Emma Morehart | Staff Writer

Rabbi David Saperstein has been called many things in Washington. A profile of him in The Washington Post called him “the quintessential religious lobbyist on Capitol Hill.” Newsweek named him the most influential rabbi in the country in 2009, and major news outlets like The Wall Street Journal and Religion News Service identified him as one of the most influential people in shaping religious issues in elections.

But Saperstein, the director of the Religious Action Center of Reform Judaism, said he works for the common good, which is why at 2 p.m. today in the Hall of Philosophy, he will continue the Interfaith Lecture Series with “The Use and Abuse of the Jewish Tradition in Contemporary Political Debates: A Jewish Perspective.”

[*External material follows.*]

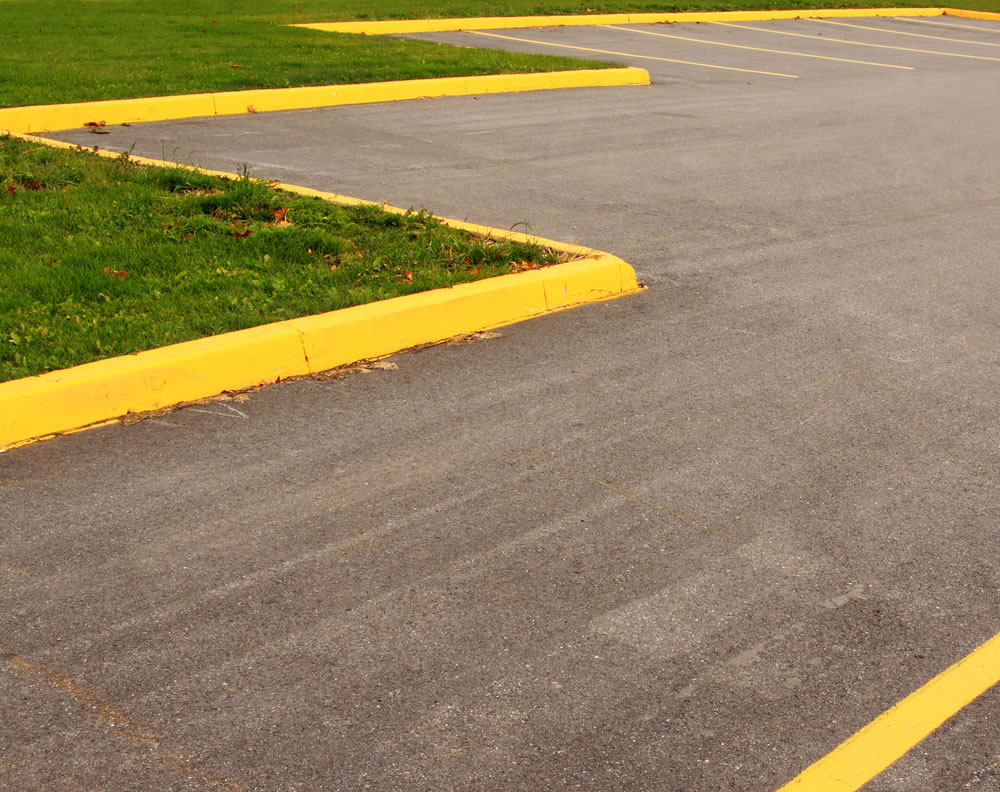 parking lot maintenance Best Asphalt Paving Contractor NJ Frank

Saperstein and the Religious Action Center work with other public interest groups to find the common good in the nation and its public policy. Although he will speak from a Jewish perspective, he said the work he does applies to all religions.

“A central challenge facing all religious communities in America is how within the internal value system of our respect of religious faiths, we are taught that we ought to use the lessons (of our personal faiths) and applying them to nonreligious societies, such as the United States,” Saperstein said.

Different faiths take different sides of this debate. Some believe it is their mission to impose their religious law on American policy, Saperstein said. Others believe that their religious laws are binding only for themselves, but their ethical values are universal.

Saperstein said that he will explore how the Jewish tradition sees its laws and values as being applicable to America, and how these values can and should enhance the moral debates in America.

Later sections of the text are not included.